Littré entre dans l’histoire essentiellement par son grand chantier lexicographique : le Dictionnaire de la langue française, communément appelé « le Littré ». L’entreprise est immense. Il ne s’agit pas seulement d’aligner des définitions, mais de restituer la vie des mots, leurs sens successifs, leurs emplois et leurs glissements, en s’appuyant sur des exemples et des références. Dans ce travail, le dictionnaire devient une sorte de biographie collective de la langue : il montre comment une société pense, nomme, classe le réel, invente des images et, au fil du temps, modifie ce qu’elle croit stable. Le « Littré » s’impose ainsi comme un instrument de précision et de culture générale, un livre qui permet autant de chercher un mot que de comprendre l’histoire d’un usage.

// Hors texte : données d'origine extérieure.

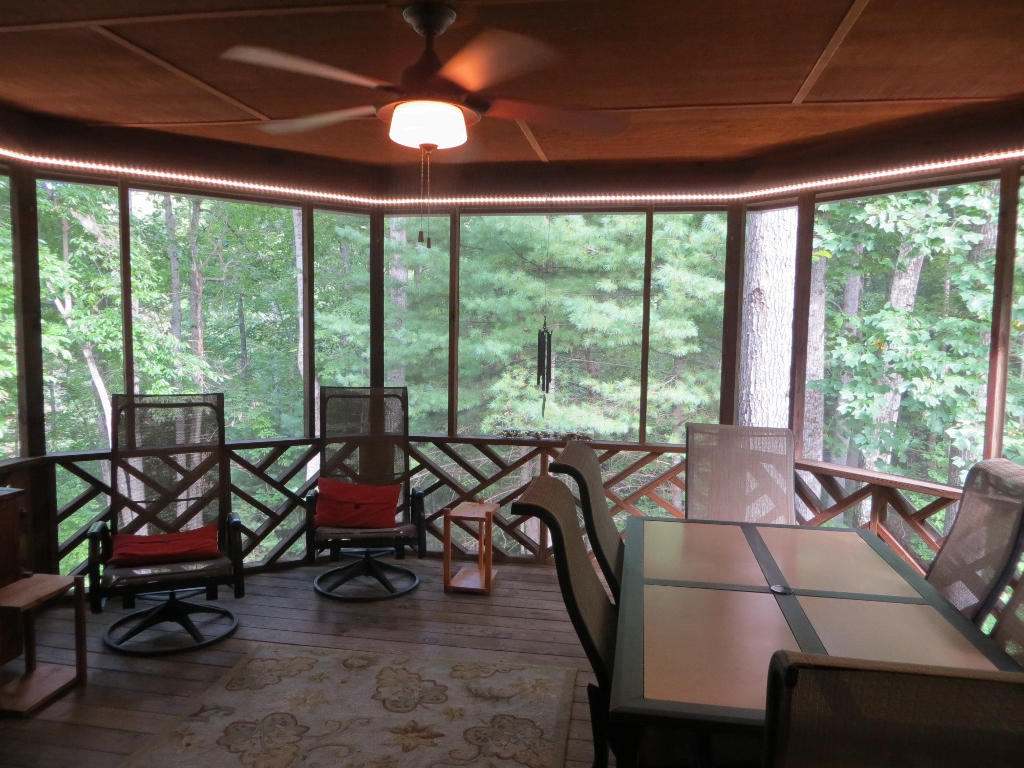 6645 Raintree Road Roanoke, VA 24018 - Photo 13 of 34 LOVELY CURVED SCREENED IN DECK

Ce dictionnaire, par sa méthode, révèle aussi une morale de l’esprit. Littré privilégie l’enquête et la vérification, refuse les approximations, préfère l’accumulation patiente des attestations au brillant mais fragile des intuitions. Il contribue de la sorte à donner à la lexicographie une stature particulière : non plus un simple auxiliaire de l’école, mais un lieu où se rencontrent littérature, histoire, savoirs techniques et transformations sociales. Le lecteur y découvre que la langue n’est pas un monument figé : elle se fabrique, se conteste, s’emprunte, se reformule. En rendant visibles ces couches successives, Littré aide à mieux lire les textes, à mieux écrire, mais aussi à mieux comprendre le pays qui parle.

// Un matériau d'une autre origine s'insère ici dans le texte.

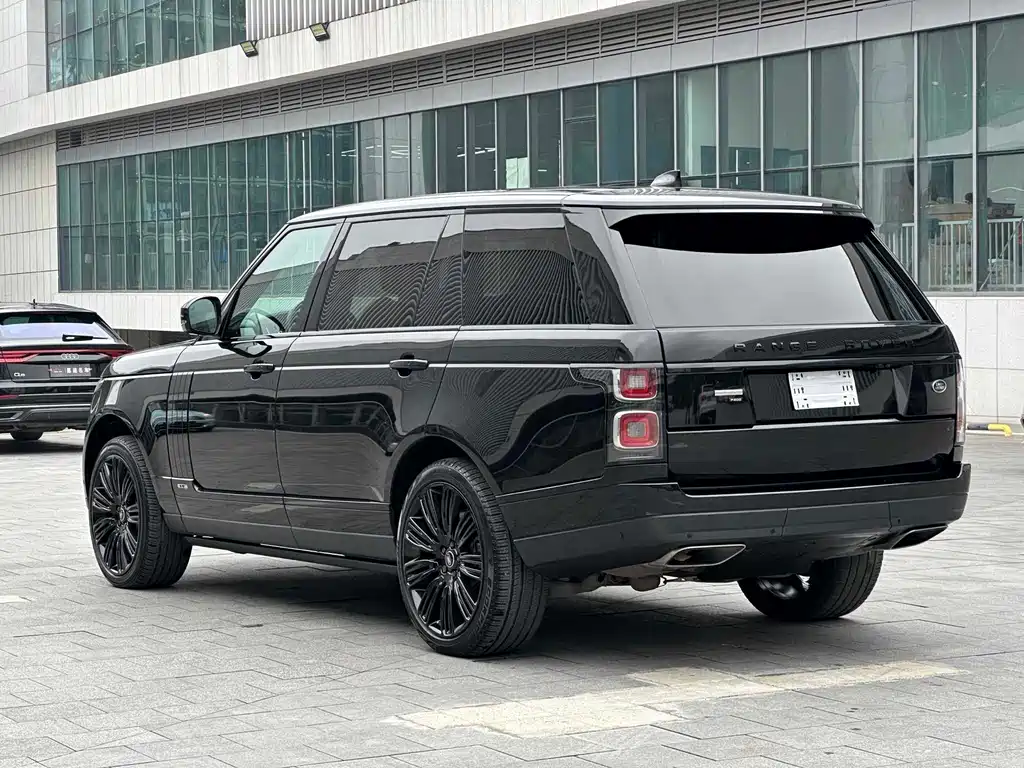 Land Rover Range Rover — миниатюра 8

L’importance de Littré tient également au moment historique où il travaille. Le XIXe siècle français connaît l’essor de la presse, l’élargissement du public lettré, l’intensification des débats intellectuels et la montée en puissance des disciplines savantes. Dans cet environnement, le besoin d’outils fiables se fait sentir : on veut des repères, des normes, des explications étayées. Le dictionnaire de Littré répond à cette attente tout en restant ouvert à la variété des usages. Il accompagne la démocratisation progressive de la culture écrite, en offrant à chacun, dans un même volume, un accès à la précision, à la mémoire des textes et à une forme d’hygiène intellectuelle : nommer juste pour penser juste.

La fin de la vie de Littré se confond avec la reconnaissance durable de son œuvre. Il demeure associé à ce monument linguistique qui, bien au-delà de son époque, continue d’être consulté, cité, discuté, tant pour ses définitions que pour sa richesse d’exemples. Qu’on l’ouvre par nécessité, par curiosité ou par plaisir, le « Littré » conserve une saveur particulière : celle d’un esprit qui a fait de la langue un terrain d’observation patient, et du savoir un service. Émile Littré meurt à Paris le 2 juin 1881, à l’âge de 80 ans. Son nom reste celui d’un artisan de la précision, d’un témoin majeur de la langue française et d’un des grands bâtisseurs de ses outils.

Pour qui souhaite aujourd’hui mesurer l’ampleur de cet héritage, l’œuvre est encore aisément repérable et souvent consultable : le Dictionnaire de la langue française figure parmi les références incontournables de la tradition lexicographique française. À travers lui, Littré a réussi ce tour de force discret : transformer un travail réputé aride en une aventure de lecture, où chaque mot ouvre sur une histoire, une époque, une manière de voir. C’est là, sans doute, la marque des grandes œuvres utiles : elles deviennent si présentes qu’on en oublie parfois qu’un homme, un jour, les a patiemment construites.